▶ Data provided:
--------------------

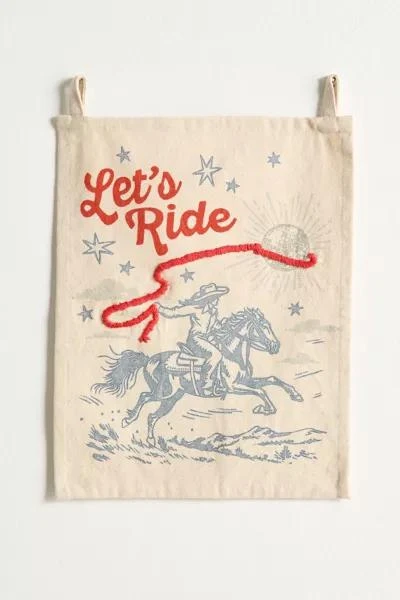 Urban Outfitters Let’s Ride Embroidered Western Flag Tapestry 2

--------------------

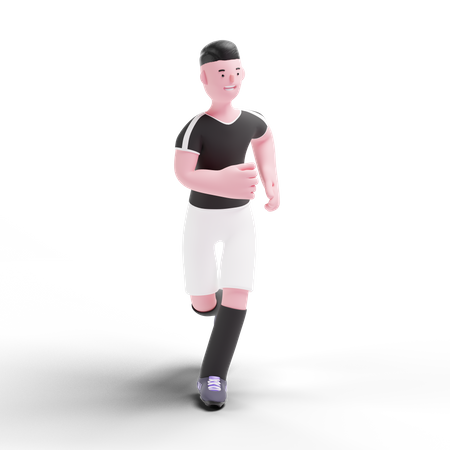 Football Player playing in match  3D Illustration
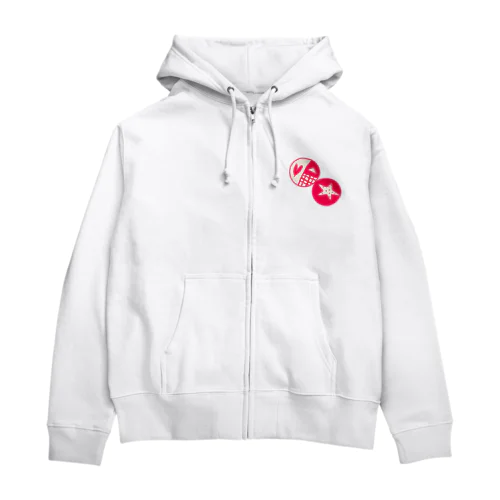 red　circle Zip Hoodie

--------------------

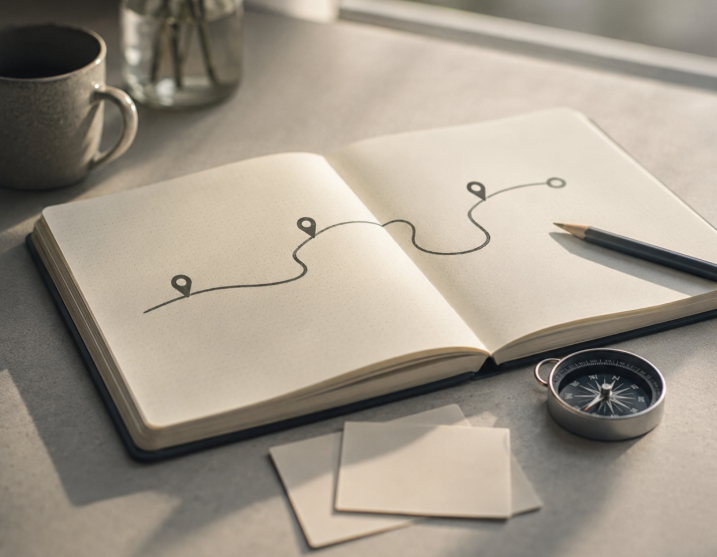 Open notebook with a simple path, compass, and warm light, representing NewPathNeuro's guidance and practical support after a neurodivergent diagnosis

--------------------

▶ Problem to solve: Would you output only the span of the records above that opens with the line containing "Football Player playing" and closes with the line containing "red　circle Zip Hoodie", ends included and pictures dropped?

▶ Worked solution:
 Football Player playing in match  3D Illustration
 red　circle Zip Hoodie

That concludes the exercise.